The study Gender Dynamics in Crowdfunding: Evidence on Entrepreneurs, Investors, and Deals from Kickstarter revealed women entrepreneurs had a crowdfunding success rate of 69.5 percent, compared to 61.4 per cent for men.
Women raised less money overall, with the average funding goal for women-led projects about $6,300, compared to $9,400 for men, but when the researchers looked at projects identical in category, subcategory and goal amount women still were more successful than men.
Researchers from The Kauffman Foundation and the Hebrew University of Journalism examined fundraising efforts on crowdfunding platform Kickstarter between April 2009 and March 2012. The data included 16,641 successful projects, 4,304 ongoing projects, 4,128 failed projects, 22,274 entrepreneurs, and 1,108,233 investors.
“One interesting finding is that female entrepreneurs are more likely to attract female investors – when we examine the gender of the investors of female and male led projects, we find very different investing patterns,” the report said.
“While more than 40 per cent of the funds of female investors were invested in projects by female entrepreneurs, only 22.5 per cent of the male investor funds went to female led projects.”
The more female dominant a project was, the higher the share of female investors.
Projects with two females had a 63 per cent share of female investors, which dropped to 57 per cent for one female, 52 per cent for a team with more females than males, 51 per cent for a team with more males than females, 44 per cent for projects with one male, and 40 per cent for teams with two males.

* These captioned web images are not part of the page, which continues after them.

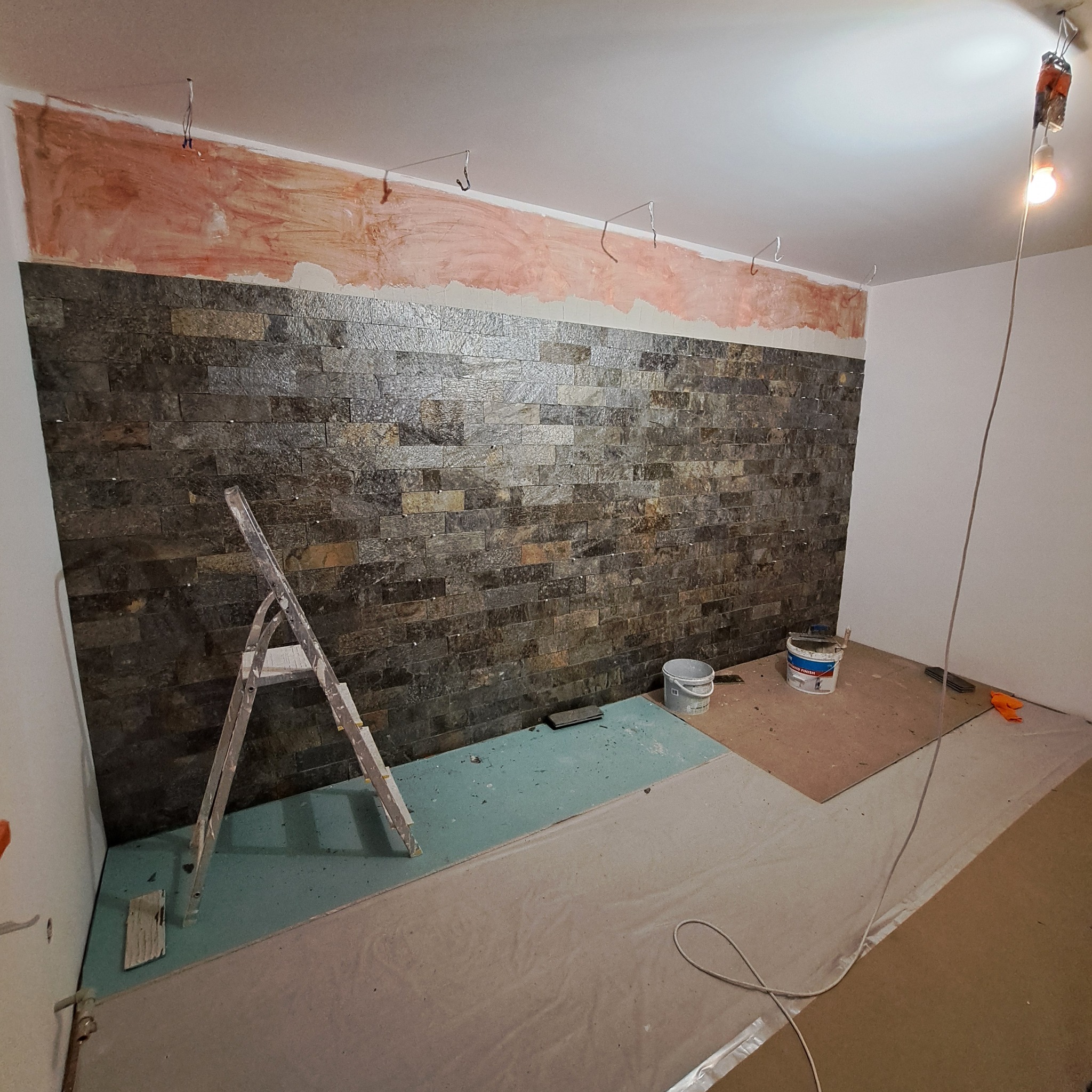 Ściana z ciemnej, kamiennej okładziny w trakcie montażu, widoczne ślady po szpachlowaniu na górze ściany, drabina, wiaderka z klejem i zabezpieczona podłoga.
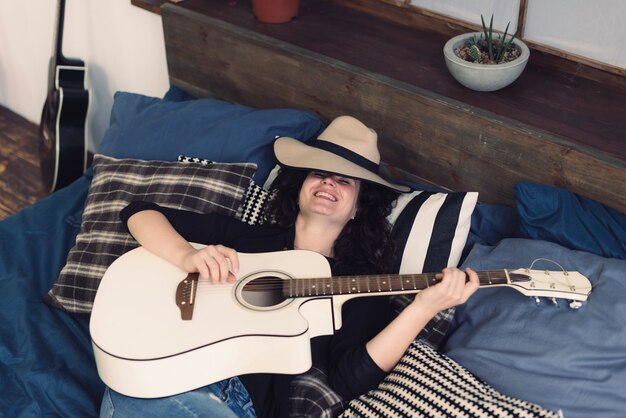 Smiling musician with guitar on bed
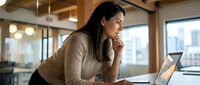 Woman of South Asian descent, professional appearance, sitting at desk in modern office with laptop, hand to face in thoughtful or concerned expression, wearing beige sweater, natural lighting from windows, urban cityscape visible in background, contemporary workplace setting.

The opposite was also true with a larger the share of male investors the more male-dominated a project was.
Overall women made up about 35 per cent of the project leaders and 44 per cent of the investors on the platform.
The report noted past studies which found that women raised significantly lower amounts of equity than men at startup and significantly lower amounts of both debt and equity in the years following startup, even controlling for firm size and the level of initial capital.
Yet the study did not attribute this solely to lack of supply.
“Several studies point out that women are less likely to seek external financing, and, when they do, they raise smaller amounts. These are demand side constraints, which raise the possibility that women have different motivations and goals for their firms than men, or, alternatively, that they are more risk averse and concerned with maintaining control,” the report said.
“While crowdfunding has the potential to ‘democratize’ the private equity market by serving as a means for both women entrepreneurs and women investors to participate more fully, our initial analysis of Kickstarter data suggests that this currently is not the case.”
It follows a study earlier this year which asked potential investors to rate a series of identical pitches. Only 32 per cent of people said they’d fund the woman, compared to 68 per cent who said they would fund the man.